Binder and Higher ranked regions

Sometimes we define generic parameters not on an item but as part of a type or a where clauses. As an example the type for<'a> fn(&'a u32) or the where clause for<'a> T: Trait<'a> both introduce a generic lifetime named 'a. Currently there is no stable syntax for for<T> or for<const N: usize> but on nightly feature(non_lifetime_binders) feature can be used to write where clauses (but not types) using for<T>/for<const N: usize>.

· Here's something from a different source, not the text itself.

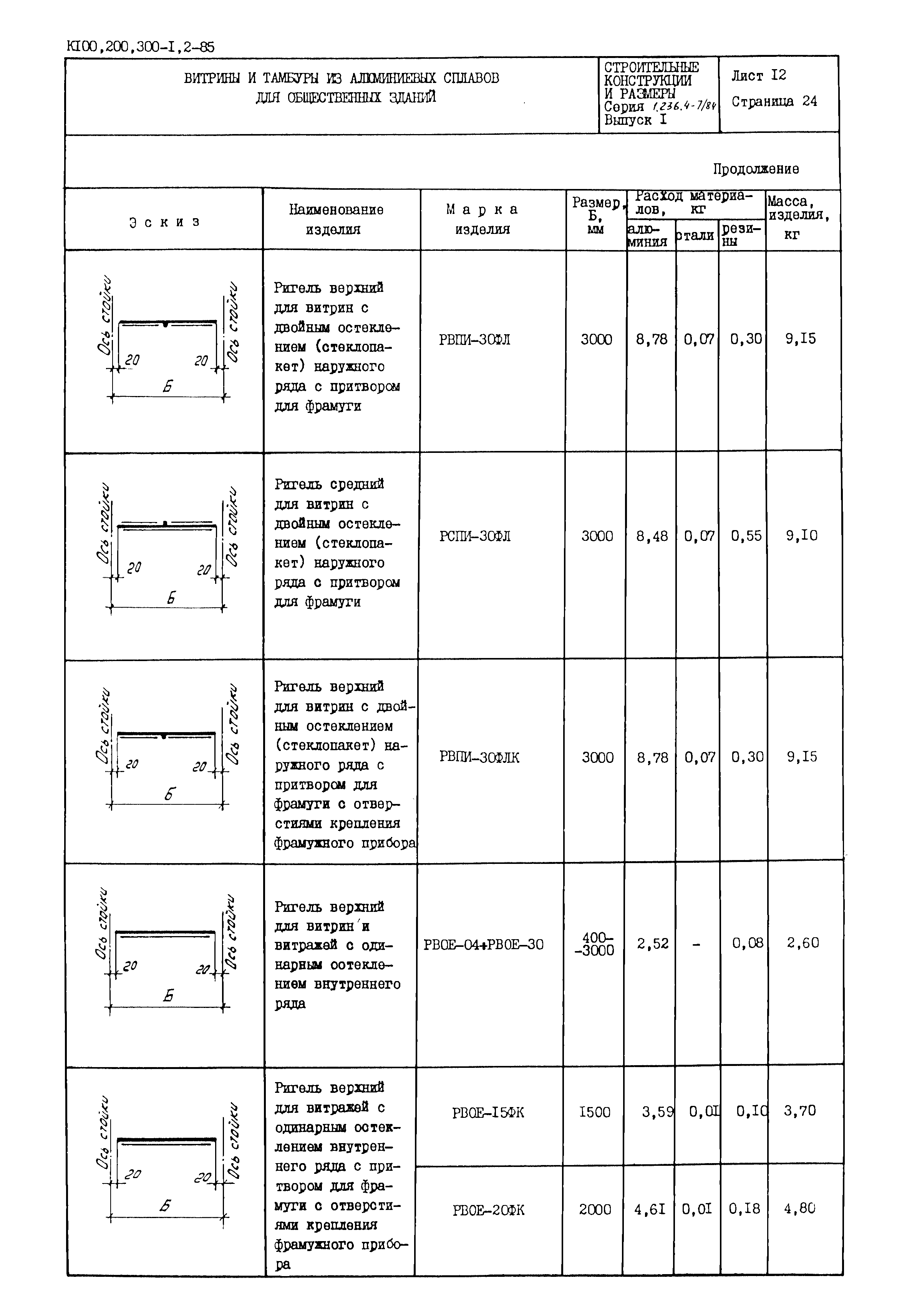 Серия 1.236.4-7/84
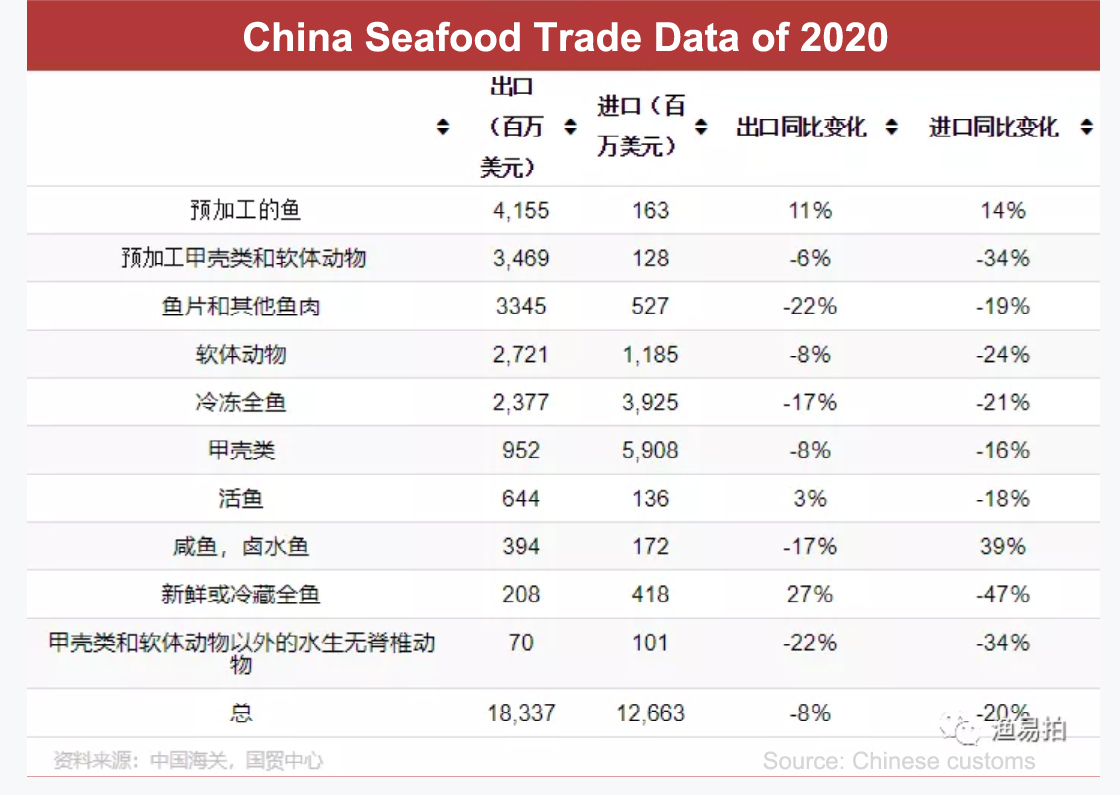 In the second half of 2020, China’s seafood imports fell by nearly 20% throughout the year(图4)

The for is referred to as a "binder" because it brings new names into scope. In rustc we use the Binder type to track where these parameters are introduced and what the parameters are (i.e. how many and whether the parameter is a type/const/region). A type such as for<'a> fn(&'a u32) would be represented in rustc as:

Binder(
    fn(&RegionKind::Bound(DebruijnIndex(0), BoundVar(0)) u32) -> (),
    &[BoundVariableKind::Region(...)],
)

Usages of these parameters is represented by the RegionKind::Bound (or TyKind::Bound/ConstKind::Bound variants). These bound regions/types/consts are composed of two main pieces of data:

  • A DebruijnIndex to specify which binder we are referring to.
  • A BoundVar which specifies which of the parameters the Binder introduces we are referring to.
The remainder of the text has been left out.